Why I am rooting for Ahmadinejad
The West must beware of the “moderate” ticket in Iran’s presidential election
Most Westerners do not know who they want to win the Iranian presidential elections on June 12. But they certainly know who they want to lose: the incumbent, Mahmoud Ahmadinejad.
Lawyer Alan Dershowitz wants Ahmadinejad prosecuted for “incitement to genocide”. Liberals line up to slam him as an “extremist” who stands in the way of a détente with the United States. And the Americans themselves have told Israel to tone down their anti-Iranian rhetoric until after the elections, because it might give Ahmadinejad a boost.
Well, this may be cold comfort to Mr Ahmadinejad, but he has at least one Westerner — a Jew, no less — rooting for him. Me. I believe that an Ahmadinejad victory would be best for Israel, and best for the West, although perhaps not so good for Iranians.
How so? There are certainly many policy differences between Ahmadinejad and his closest rival, Mir-Houssain Moussavi, who was Prime Minister from 1981 to 1989. (Former President Khatami dropped out of the race when Moussavi joined). Moussavi says he stands for improving relations with the West, Ahmadinejad thrives on the hostility. Moussavi wants more freedom for the press and for women, Ahmadinejad seems satisfied with the status quo. Moussavi is identified with relative economic discipline (inflation under him peaked at around 12 per cent), Ahmadinejad with soaring inflation (30 per cent).
Judged on these issues alone, there is no question that Moussavi is the better candidate. He might just bring about a more open, stable regime. But all these positives are outweighed by the candidates’ stance on one issue, an issue which is more important to Israel and to the West than all the others combined.

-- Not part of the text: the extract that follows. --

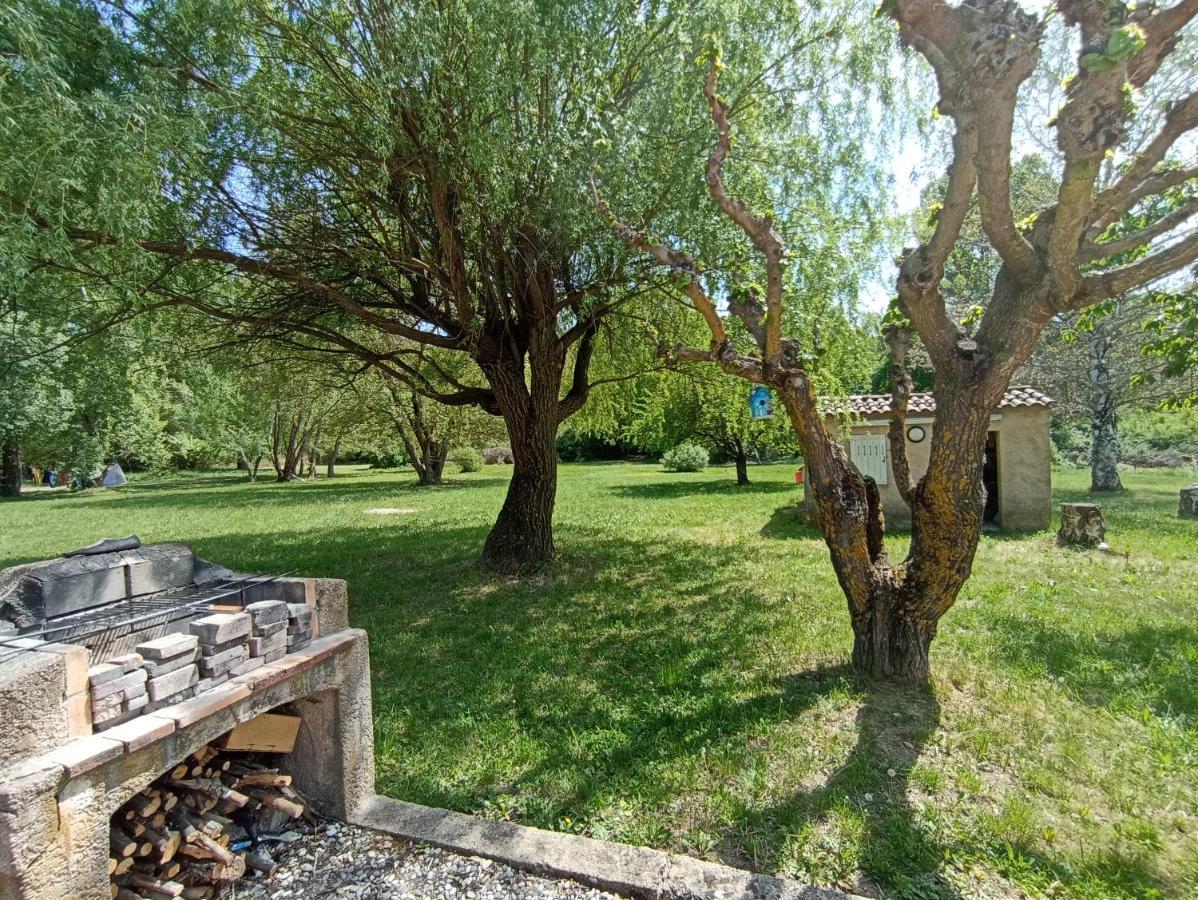 Maison De Campagne Allemagne-en-Provence Exteriér fotografie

When it comes to Iran’s nuclear programme, Ahmadinejad and Moussavi — along with the two other presidential candidates allowed to run by Iran’s Guardians’ Council — are equally determined to press ahead.
Moussavi was quite clear on this, declaring in a news conference in April that “we have to have the [nuclear] technology”, that he would not talk to the US if the price was abandoning the nuclear programme, and that the damage caused by doing so would be “irreparable”. He continued to advance the line that Iran’s nuclear programme was peaceful, arguing: “Weaponisation and nuclear technology are two separate issues, and we should not let them get mixed up.”
No candidate is likely to speak differently as long as Iran’s Supreme Leader, Ayatollah Khamenei, the man who wields the real power in Iran, is in charge. There is across-the-board agreement that nuclear power is a vital Iranian interest.
So why does this shift the balance in Ahmadinejad’s favour? The fact is that in almost every report on the Iranian election in the Western media, Moussavi is labelled the “moderate” while Ahmadinejad is the “extremist”.
Their position on Iran’s nuclear technology, however, shows that, where it really counts, such distinctions are meaningless. The nuclear ambitions that both espouse could result in the destruction of Israel, the utter domination of the Muslim world, and the power to ride roughshod over the West. They both need to be stopped.
As long as Ahmadinejad is at the helm, there is a chance the West might do so.
Holocaust denial, wiping Israel off the map, denying the existence of homosexuality in his country — he utters every provocative and crazy thought, diplomatic niceties be damned. So, under him, Iran remains an international pariah.
Moussavi is far smarter, and understands that, as long as Iran makes the right noises, it can get away with whatever it likes (just as Palestinian leaders such as Arafat got away with incitement and terror during Oslo, because they told the world, in English, that they sought peace). Moussavi would not, for example, get drawn into discussion of the Shoah, saying that “the Holocaust is not our business”.
Armed with his “moderate” label, Moussavi will bring Iran back into the community of nations, all the while quietly working towards the same murderous goal as Ahmadinejad.
This makes him the far more dangerous man.